2

Consider a matrix $A_{n\times n}$ with real entries, denoted by $A=\left(A_{1}A_{2}\dotsm A_{n}\right)$, where $A_{i}$ represents the $i$th column of $A$ for $i=1,\dots,n$. Suppose that the last column, $A_{n}$, is the sum of two vectors $u$ and $v$. Prove that the determinant of $A$ is equal to the sum of determinants obtained by replacing $A_{n}$ with $u$ and $v$ in the matrix:

$$ \det(A) = \det(A_{1},\dots,A_{n-1},u) + \det(A_{1},\dots,A_{n-1},v). $$

I have generated numerous examples of varying sizes using online calculators, and this equality seems to hold true consistently. I managed to prove it for the cases of 2x2 and 3x3, but I genuinely have no idea how to demonstrate the general nxn case. Please help.

Lucas
  • 23
  • The proof depends upon the definition which you use. Maybe you can have a look at this question. – Juliamisto Jan 24 '24 at 03:50
  • @Juliamisto I am considering the determinant of the matrix calculated using Gaussian elimination.

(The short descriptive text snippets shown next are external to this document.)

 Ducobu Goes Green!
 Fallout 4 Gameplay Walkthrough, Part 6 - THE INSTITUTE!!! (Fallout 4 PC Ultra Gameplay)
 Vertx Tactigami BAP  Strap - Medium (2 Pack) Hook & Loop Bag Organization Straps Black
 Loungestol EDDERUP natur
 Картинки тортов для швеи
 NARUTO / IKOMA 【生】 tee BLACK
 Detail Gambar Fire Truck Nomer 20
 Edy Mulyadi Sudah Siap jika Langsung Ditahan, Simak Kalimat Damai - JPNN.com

I'm looking at the related post, but I understand that it's a more advanced topic than mine. Anyway, thank you. – Lucas Jan 24 '24 at 03:54

1 Answers1

6

Let $(x)_i$ denote the $i$-th component of $x$. Additionally, let $A_{ij}$ represent the cofactor associated with the entry $(i, j)$. Then,

\begin{align*} \det(A) & = (u+v)_1 A_{1n} + (u+v)_2 A_{2n} + \dotsm + (u+v)_n A_{nn} \\ & = (u)_1 A_{1n} + (u)_2 A_{2n} + \dotsm + (u)_n A_{nn} \\ & \quad + (v)_1 A_{1n} + (v)_2 A_{2n} + \dotsm + (v)_n A_{nn} \\ & = \det(A_{1},\dots,A_{n-1},u) + \det(A_{1},\dots,A_{n-1},v). \end{align*}

This is using the method for calculating determinants known as the Rule of Laplace or the Cofactor Method.

https://en.wikipedia.org/wiki/Laplace_expansion

Kevin
  • 735